Skinner lets his eyes roam over the room. He can't help remembering another time he and Scully were alone here, the first time they'd feared Mulder was dead. She hadn't trusted him then, and the terror and loathing in her eyes as she pointed a gun at his head is a painfully vivid memory. Some lonely, selfish part of him, a part whose existence he can barely stand to acknowledge, is glad for the changes that circumstances have brought into their relationship these past months. Though he would give anything to have Mulder burst through the front door right now as he did years ago, he can't help finding a perverse satisfaction in receiving a portion of Scully's trust.

As Scully returns to the room with two steaming mugs of tea, Skinner's eyes land on the aquarium, glowing eerily in the corner of the room. A goldfish is floating belly-up in the murky water, bits of its flesh beginning to flake away. The other fish hover nearby, darting close to pick at it with their gaping mouths. Their eyes are huge, unblinking; he's never before realized how strange they look. How alien.

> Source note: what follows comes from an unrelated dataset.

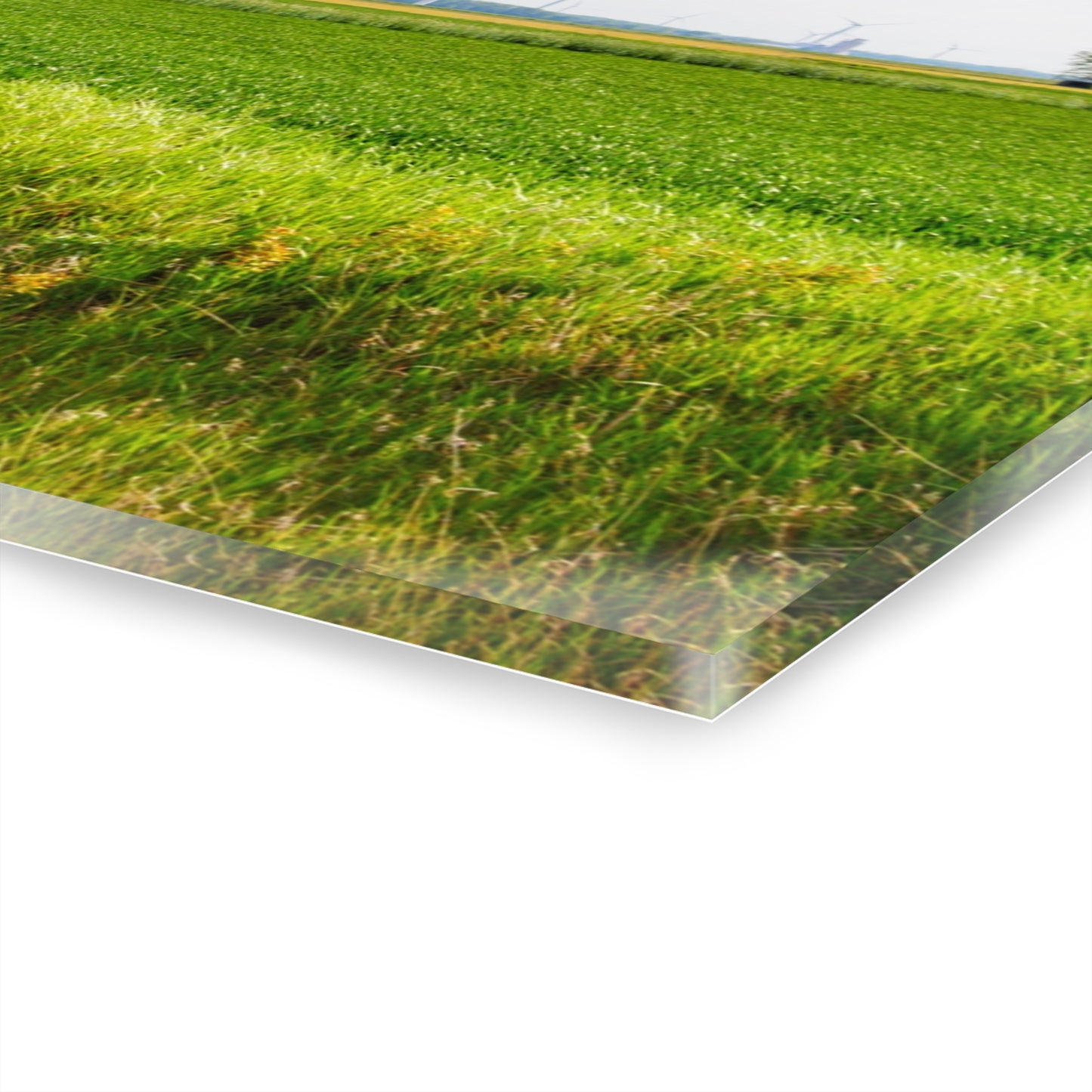 U R There Photography North Graf Road Old Grey Rustic Farmhouse Acrylic Wall Print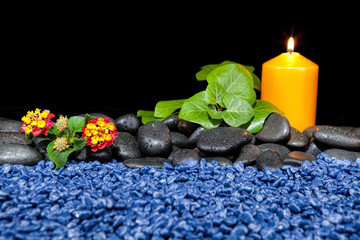 Beautiful spa composition on a black background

Scully tracks his wandering gaze and sees the fish, and before he can say anything she slams the mugs down on the coffee table in front of him, sending tea sloshing over the sides and onto her hands. She's beside the tank in a flash, plunging her hand into the water, scooping up the corpse and sending the scavengers scurrying away.

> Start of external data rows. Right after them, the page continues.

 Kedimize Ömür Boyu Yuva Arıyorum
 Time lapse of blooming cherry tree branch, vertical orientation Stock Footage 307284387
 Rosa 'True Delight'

"I forgot to feed the fish. I forgot all about them," she says, quiet but panicked. Skinner has to strain to hear her voice above the aquarium's hum and the rain beating against the windows. Scully turns to him with wide, empty eyes, wanting something from him -- what, he's not sure. Forgiveness? Comfort? He feels at a loss, as he has for months.

"You had so much on your mind...it's just a fish," he says, watching her as she bows her head and gazes at the mangled body in her trembling palm. He doesn't know what to say so he says anything, words spilling stupidly from his mouth. "You can get another one if you want to keep the tank. And this one lived a long time for a fish. I don't know how-"

"Look what they did to it!" She interrupts harshly, ignoring his ridiculous babbling, or else oblivious to the sound of his voice. Her pale face is lit by the tank's garish light. "God damn them, they picked the poor thing apart." Glassy-eyed, she examines the goldfish, stroking it with the index finger of her other hand as if cataloging its injuries. Memorizing the injustices done to it, just as she'd done for Mulder's mutilated body.

"Please, please, don't." He's ashamed by how frightened he is, by how helpless he feels watching Scully come unhinged.

Her face crumples and she begins to cry, her barely-intelligible words escaping between quiet, hitching sobs. "They tortured him...for their fucking tests...left him out there to die in the cold...oh God, Mulder...in the cold..."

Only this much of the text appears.